No entanto, “No geral, os milionários defensores da escola charter são obcecados em criar e expandir um sistema de educação paralelo à educação pública tradicional que reflita os valores corporativos”, afirma o pesquisador norte americano Dwight Holmes.[9]
O fato é que o relatório do CREDO teve uma ampla repercussão na grande mídia norte-americana, apesar das falhas metodológicas, de estar contaminado pelo viés de seus financiadores e das críticas e denúncias contra as escolas charter no mundo acadêmico.
“A retórica do sucesso alimenta o mito, mas a realidade é muito mais preocupante. Espalhadores de mitos confundem os pais, ocultando pesquisas nas quais as escolas públicas tradicionais geralmente superam as escolas charter, minimizam o impacto dos fracassos escolares charter, e promovem o desvio de recursos de escolas públicas tradicionais que educam a maioria das crianças neste país”.[10]
O ataque à escola pública
O conselho editorial do Wall Street Journal publicou, no dia 15/6, o artigo “Escolas Charter: novas evidências do sucesso dos estudantes” com a seguinte manchete: “Um estudo nacional de Stanford mostra enormes ganhos de aprendizado em relação às escolas sindicais”.[11] É fácil deduzir que o artigo chamou de “escolas sindicais” as escolas públicas tradicionais para deixar claro um fato que ocorre nas escolas charter. Os professores que quiserem se associar a seus sindicatos e/ou participar de mobilizações e greves correm alto risco de ser demitidos e por isso eles nunca optam pela sindicalização. Os docentes das escolas charter ficam desprotegidos frente a precarização do trabalho docente, tais como salário menor que nas escolas públicas e a possibilidade de ser demitidos por decisão dos gestores como consequência da flexibilidade dos contratos estabelecidos com o governo local, porque carecem de regulamentações necessárias para garantir estabilidade e condições dignas de trabalho docente.[12]

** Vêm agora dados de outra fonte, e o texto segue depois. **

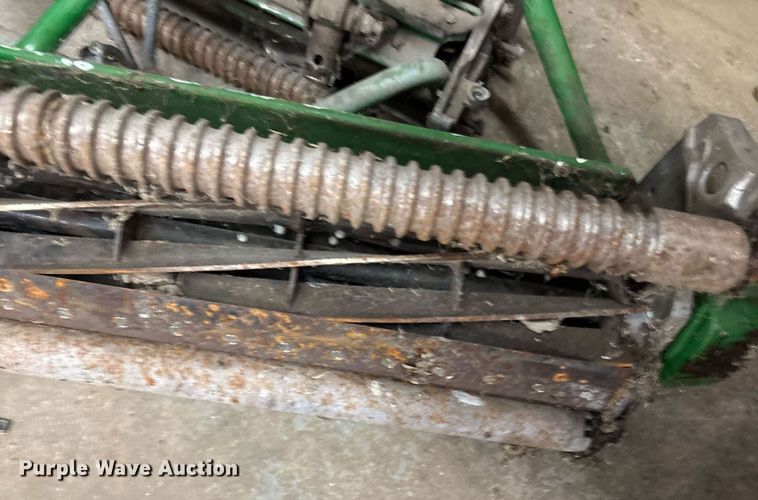 image for item DY0690 2010 John Deere 2500B reel mower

O CREDO é sediado na Universidade de Stanford e vinculado ao think tank conservador Hoover Institution, da mesma instituição. Tem como missão defender “Os princípios da liberdade individual, econômica e política; a empresa privada e o governo representativo” que foram fundamentais para a visão de seu fundador. “Ao coletar conhecimento, gerar ideias e disseminar ambos, a Instituição busca garantir e salvaguardar a paz, melhorar a condição humana e limitar a intrusão do governo na vida dos indivíduos.”
A pesquisa do CREDO foi realizada com financiamento de duas organizações sem fins lucrativos como subscritores do estudo: a Fundação Família Walton e o City Fund. A Walton Family Foundation se reconhece como o maior financiador privado de escolas charter, divulgou publicamente US$ 1,35 milhão em doações diretamente ao CREDO durante os últimos cinco anos. Através da Public Charter Startup Grant apoia e financia o desenvolvimento de escolas charter e está “empenhada em ajudar as organizações de gerenciamento de charters de alto desempenho a expandir e replicar o que funciona”.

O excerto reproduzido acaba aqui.